§ WORK INSTRUCTION: Given the records below, the lines starting at the line with "The basic concept" and ending at the line with "In this video we're" should be output exactly, both end lines kept and pictures left out.

** PROVIDED DATA follows **

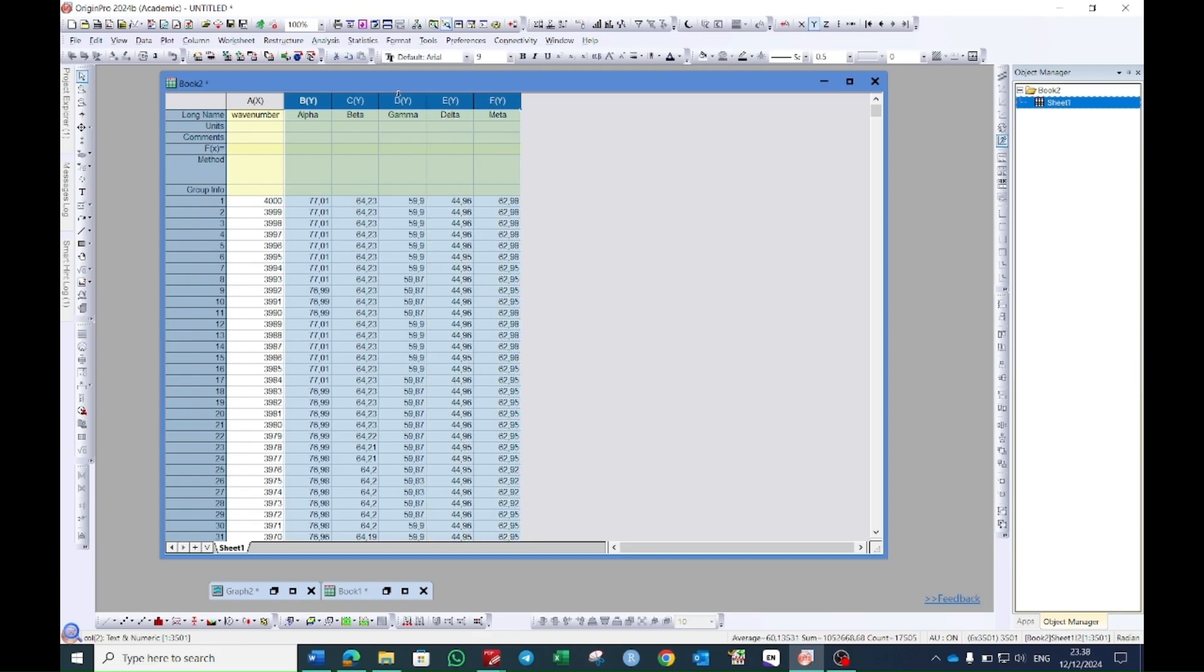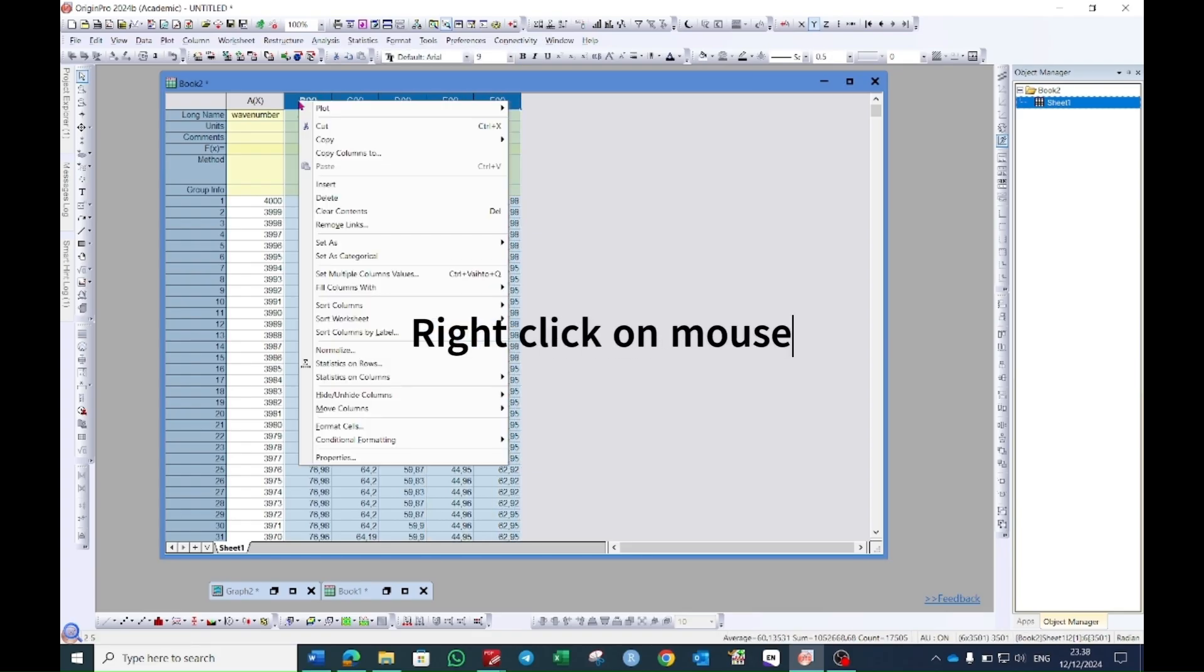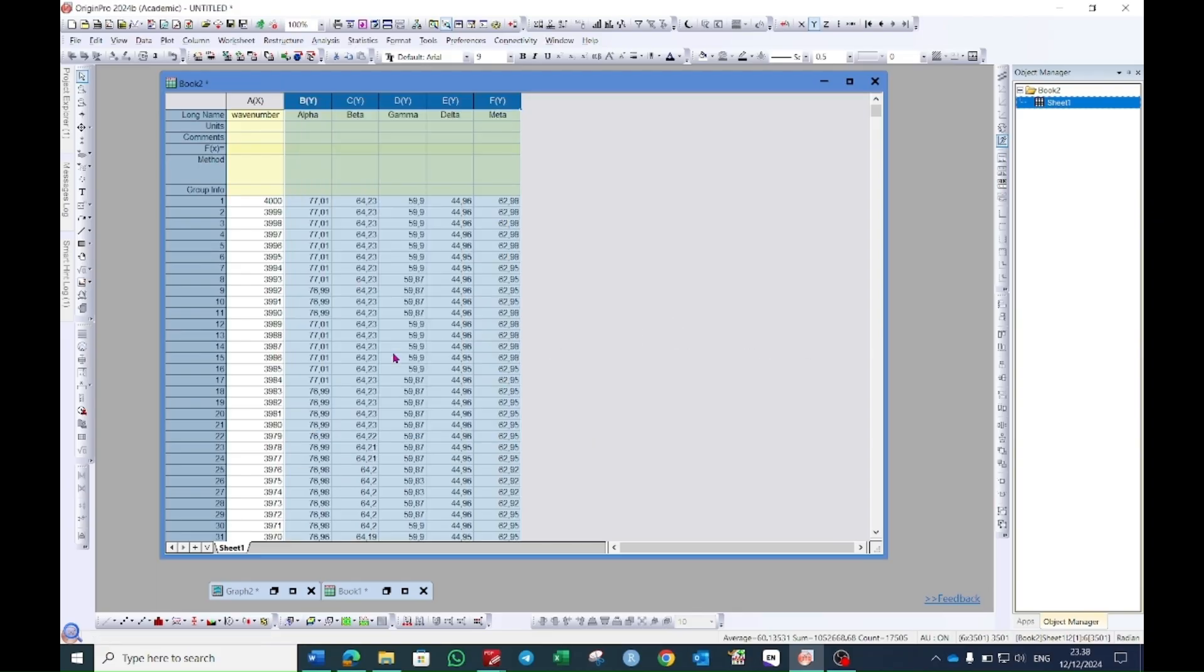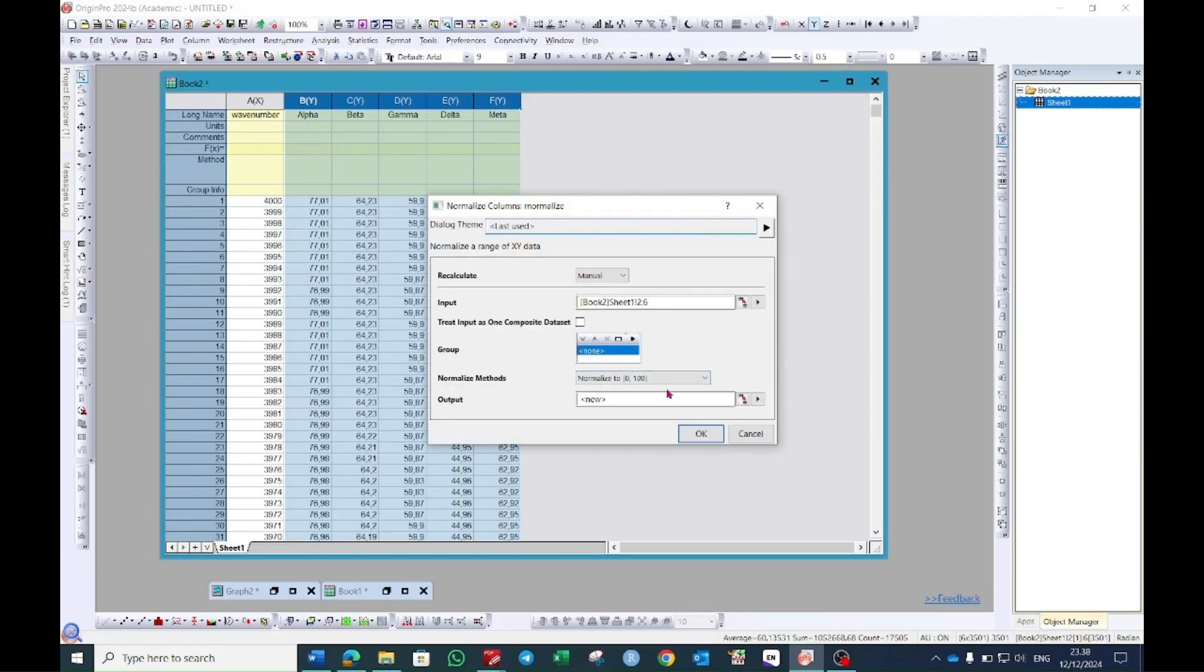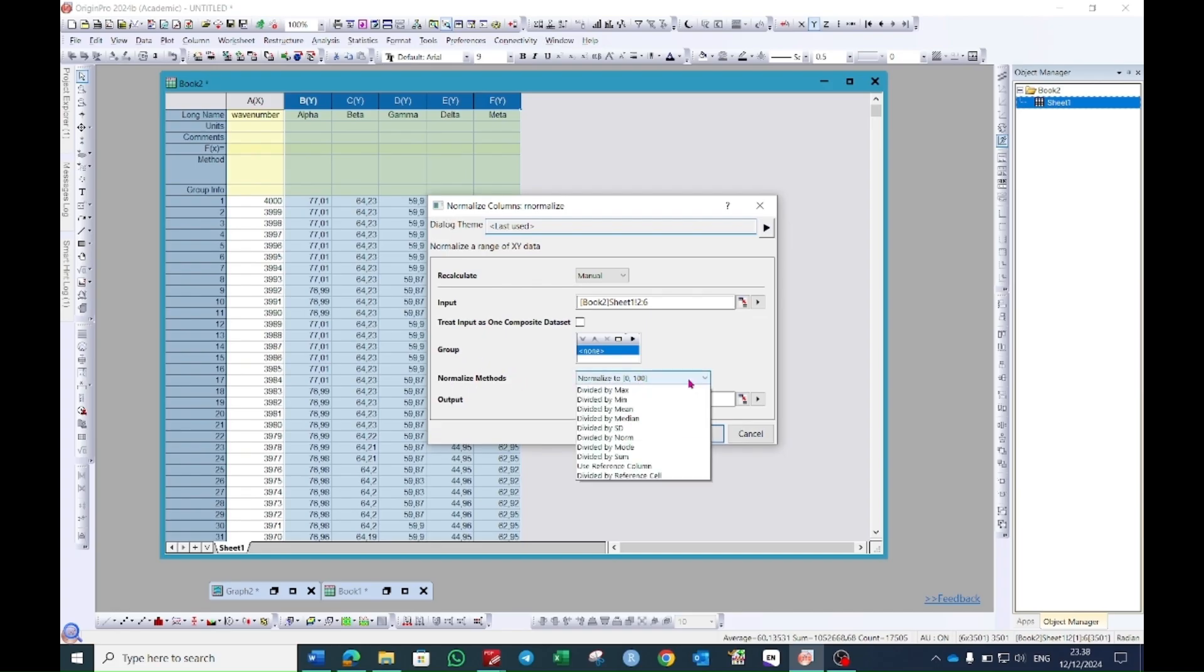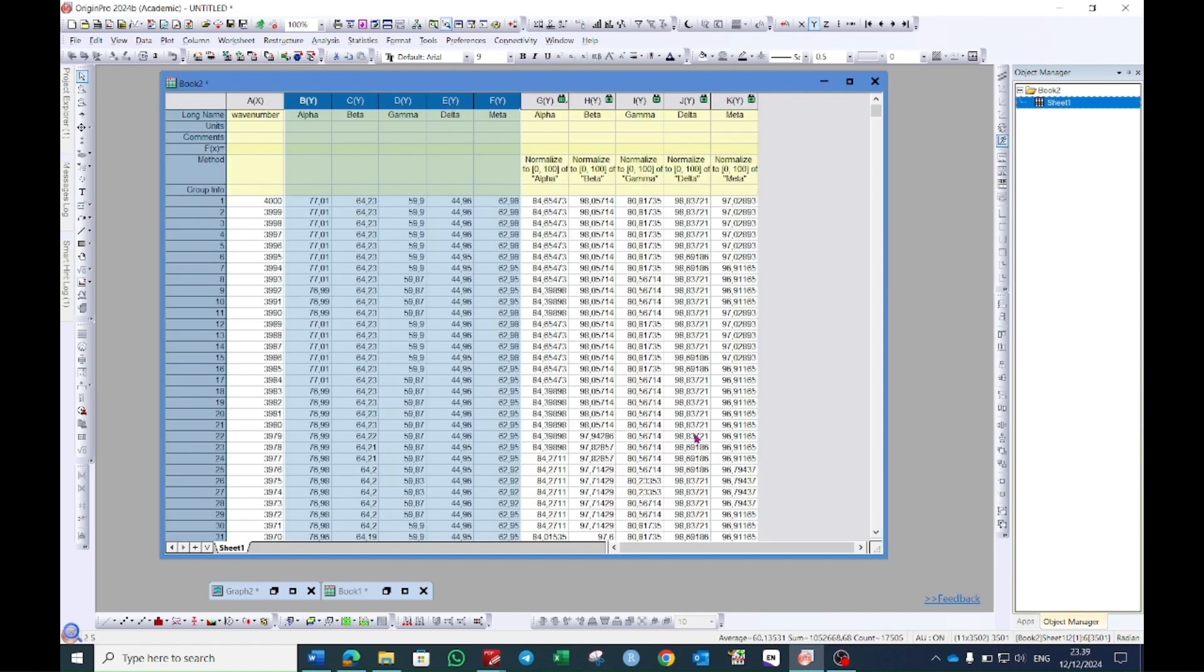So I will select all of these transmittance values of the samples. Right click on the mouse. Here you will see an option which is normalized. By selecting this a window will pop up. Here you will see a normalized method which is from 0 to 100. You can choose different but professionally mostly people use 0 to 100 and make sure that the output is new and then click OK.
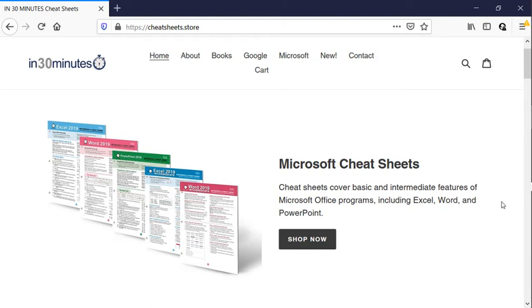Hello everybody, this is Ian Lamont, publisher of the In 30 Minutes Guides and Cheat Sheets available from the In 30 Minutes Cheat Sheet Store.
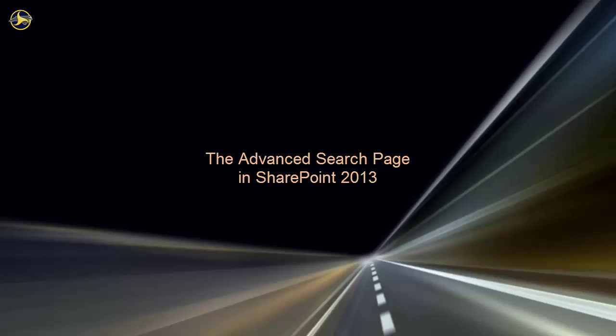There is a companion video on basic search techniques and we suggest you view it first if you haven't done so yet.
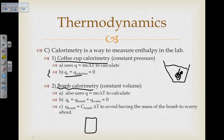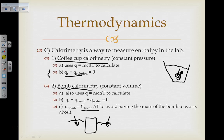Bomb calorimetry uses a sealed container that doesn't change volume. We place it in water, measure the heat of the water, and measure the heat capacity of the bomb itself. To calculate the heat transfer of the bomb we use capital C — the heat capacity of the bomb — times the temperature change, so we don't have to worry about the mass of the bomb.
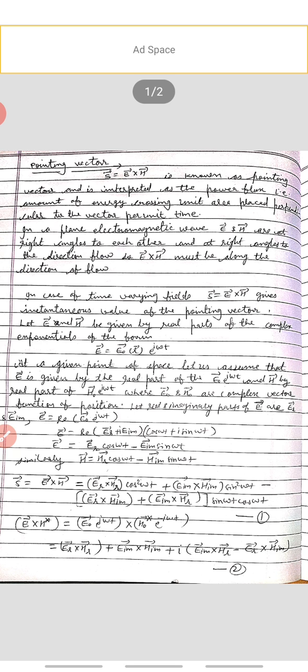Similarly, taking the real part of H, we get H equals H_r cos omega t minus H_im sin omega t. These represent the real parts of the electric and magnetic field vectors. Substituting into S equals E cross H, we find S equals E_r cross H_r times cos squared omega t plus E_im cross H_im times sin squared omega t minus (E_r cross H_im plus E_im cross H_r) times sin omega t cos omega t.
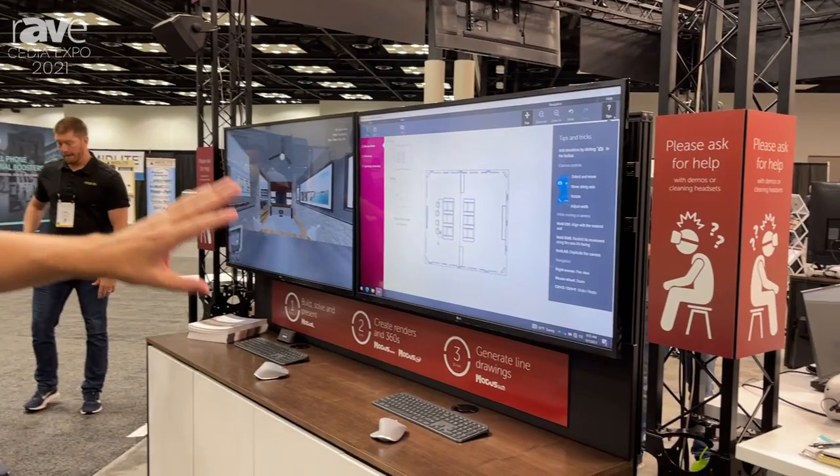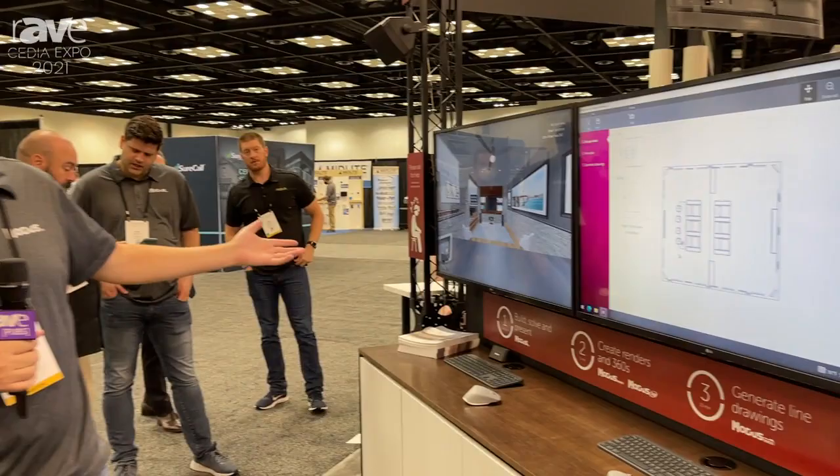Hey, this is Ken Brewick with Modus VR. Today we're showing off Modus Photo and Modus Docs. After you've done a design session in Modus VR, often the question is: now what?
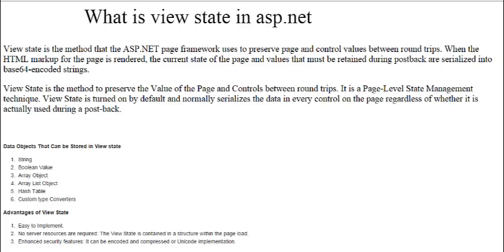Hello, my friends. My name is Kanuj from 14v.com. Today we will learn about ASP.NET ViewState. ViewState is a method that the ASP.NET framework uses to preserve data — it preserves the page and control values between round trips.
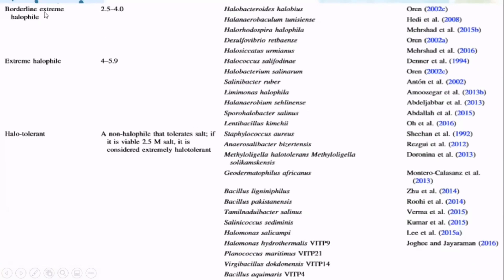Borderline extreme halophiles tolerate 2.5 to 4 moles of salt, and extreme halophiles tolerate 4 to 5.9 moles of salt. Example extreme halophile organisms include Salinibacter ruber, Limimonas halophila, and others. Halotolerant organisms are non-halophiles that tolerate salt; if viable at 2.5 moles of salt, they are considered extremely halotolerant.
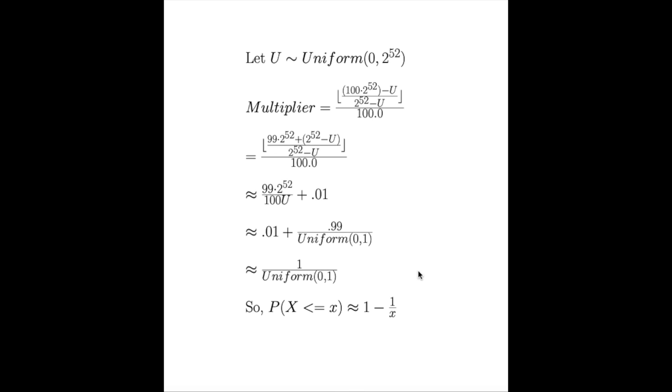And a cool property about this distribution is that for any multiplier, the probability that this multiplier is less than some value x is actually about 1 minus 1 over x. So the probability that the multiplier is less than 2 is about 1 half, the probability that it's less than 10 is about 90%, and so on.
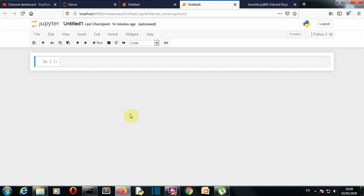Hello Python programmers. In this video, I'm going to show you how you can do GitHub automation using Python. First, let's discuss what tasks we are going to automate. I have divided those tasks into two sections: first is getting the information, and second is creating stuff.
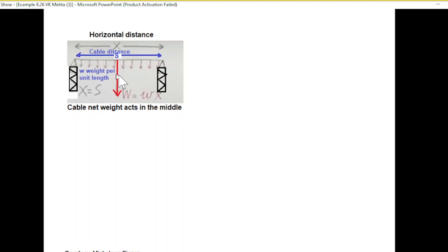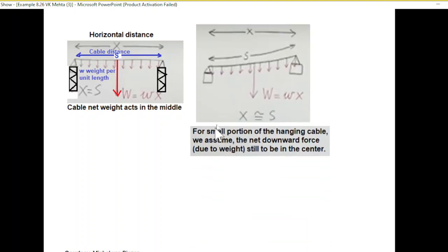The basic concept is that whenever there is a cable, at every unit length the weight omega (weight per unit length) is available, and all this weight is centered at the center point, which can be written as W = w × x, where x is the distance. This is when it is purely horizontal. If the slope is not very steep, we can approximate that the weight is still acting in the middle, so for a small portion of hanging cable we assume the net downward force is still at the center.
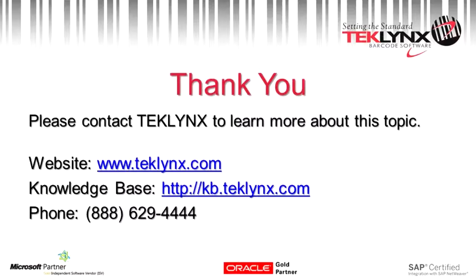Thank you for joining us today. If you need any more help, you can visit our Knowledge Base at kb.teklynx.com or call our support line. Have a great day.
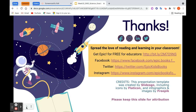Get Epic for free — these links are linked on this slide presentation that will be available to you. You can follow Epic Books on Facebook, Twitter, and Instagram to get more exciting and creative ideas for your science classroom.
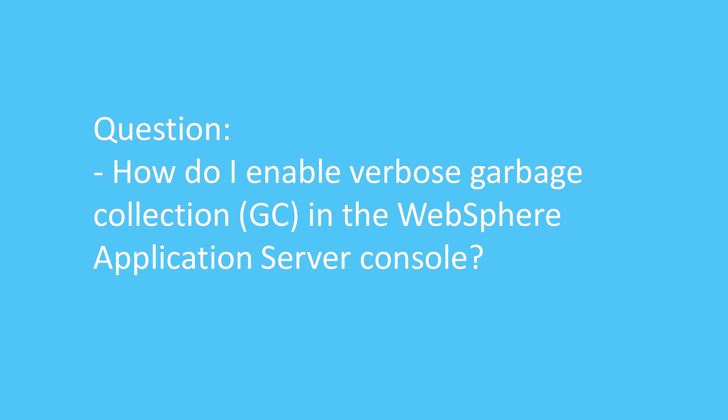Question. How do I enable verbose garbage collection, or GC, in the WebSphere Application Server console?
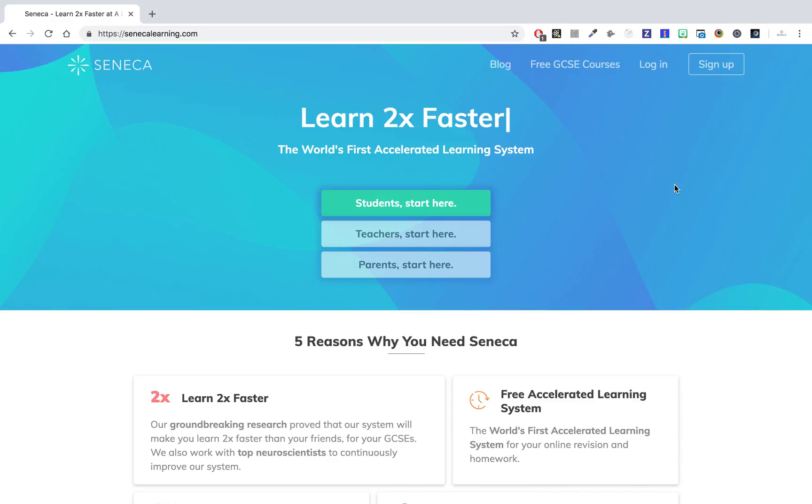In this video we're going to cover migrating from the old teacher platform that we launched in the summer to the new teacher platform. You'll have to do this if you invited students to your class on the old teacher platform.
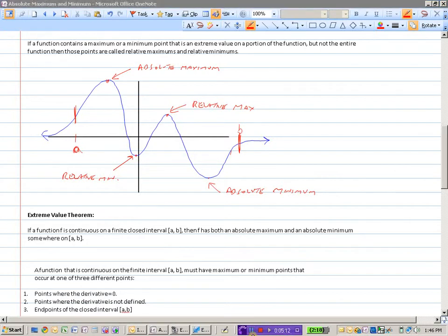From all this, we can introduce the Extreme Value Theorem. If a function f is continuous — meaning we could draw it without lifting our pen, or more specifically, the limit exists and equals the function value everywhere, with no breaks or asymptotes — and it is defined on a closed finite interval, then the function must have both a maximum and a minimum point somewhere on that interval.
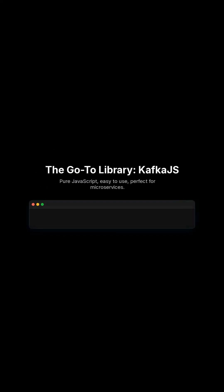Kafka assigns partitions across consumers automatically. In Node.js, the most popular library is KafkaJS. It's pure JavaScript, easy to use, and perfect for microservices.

** End of PROVIDED DATA **

§ RESULT OF THIS TASK:
The basic concept is that whenever there is a cable, at every unit length the weight omega (weight per unit length) is available, and all this weight is centered at the center point, which can be written as W = w × x, where x is the distance. This is when it is purely horizontal. If the slope is not very steep, we can approximate that the weight is still acting in the middle, so for a small portion of hanging cable we assume the net downward force is still at the center.
Thank you for joining us today. If you need any more help, you can visit our Knowledge Base at kb.teklynx.com or call our support line. Have a great day.
Get Epic for free — these links are linked on this slide presentation that will be available to you. You can follow Epic Books on Facebook, Twitter, and Instagram to get more exciting and creative ideas for your science classroom.
Question. How do I enable verbose garbage collection, or GC, in the WebSphere Application Server console?
In this video we're going to cover migrating from the old teacher platform that we launched in the summer to the new teacher platform. You'll have to do this if you invited students to your class on the old teacher platform.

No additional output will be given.